Task requirements >> Below, find the line containing "TOXIC by Esya G video DOWNLOAD" and the line containing "Solo Farming In The Tower Page 38 - MangaHe"; reproduce exactly those two and every line between them, omitting pictures.

----- Records for this exercise -----

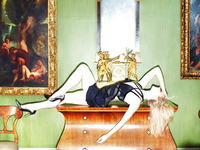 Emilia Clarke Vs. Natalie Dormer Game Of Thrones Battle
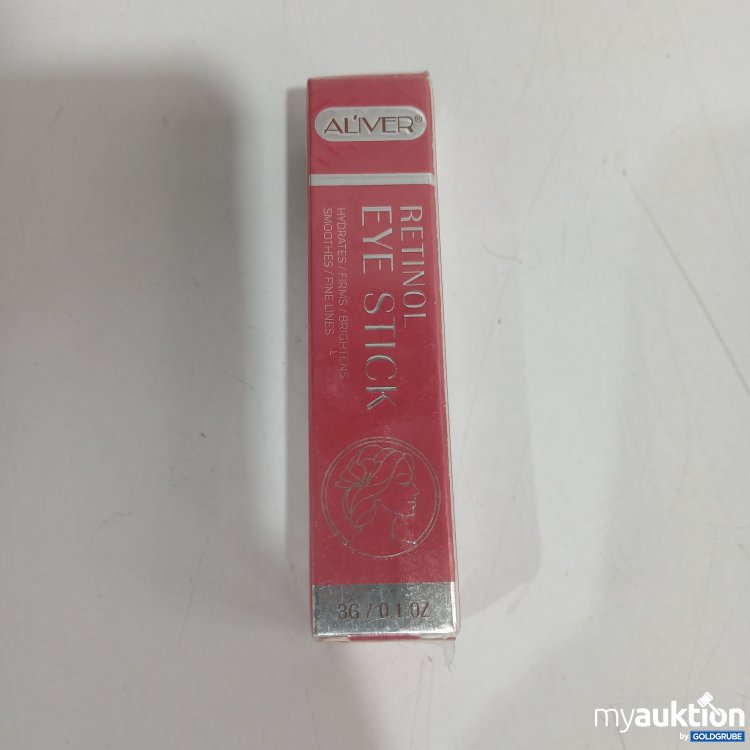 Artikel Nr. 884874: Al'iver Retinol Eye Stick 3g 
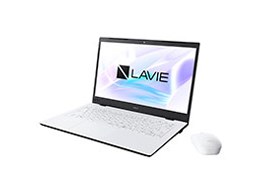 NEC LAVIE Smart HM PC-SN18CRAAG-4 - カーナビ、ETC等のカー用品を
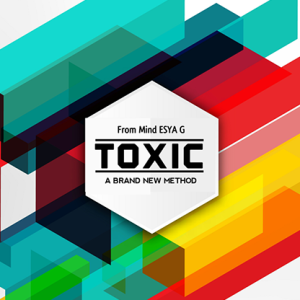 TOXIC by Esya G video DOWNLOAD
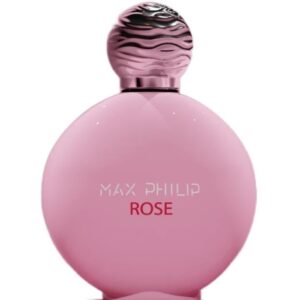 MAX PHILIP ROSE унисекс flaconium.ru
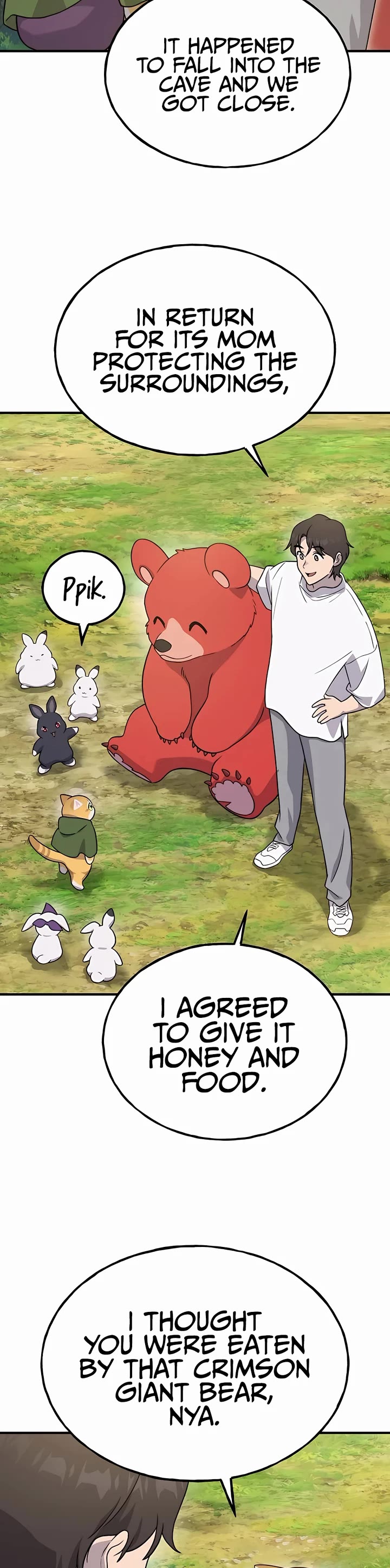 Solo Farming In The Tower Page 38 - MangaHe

-----
----- Records for this exercise -----

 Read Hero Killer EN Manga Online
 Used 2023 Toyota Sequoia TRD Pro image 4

-----

Your response >>
 TOXIC by Esya G video DOWNLOAD
 MAX PHILIP ROSE унисекс flaconium.ru
 Solo Farming In The Tower Page 38 - MangaHe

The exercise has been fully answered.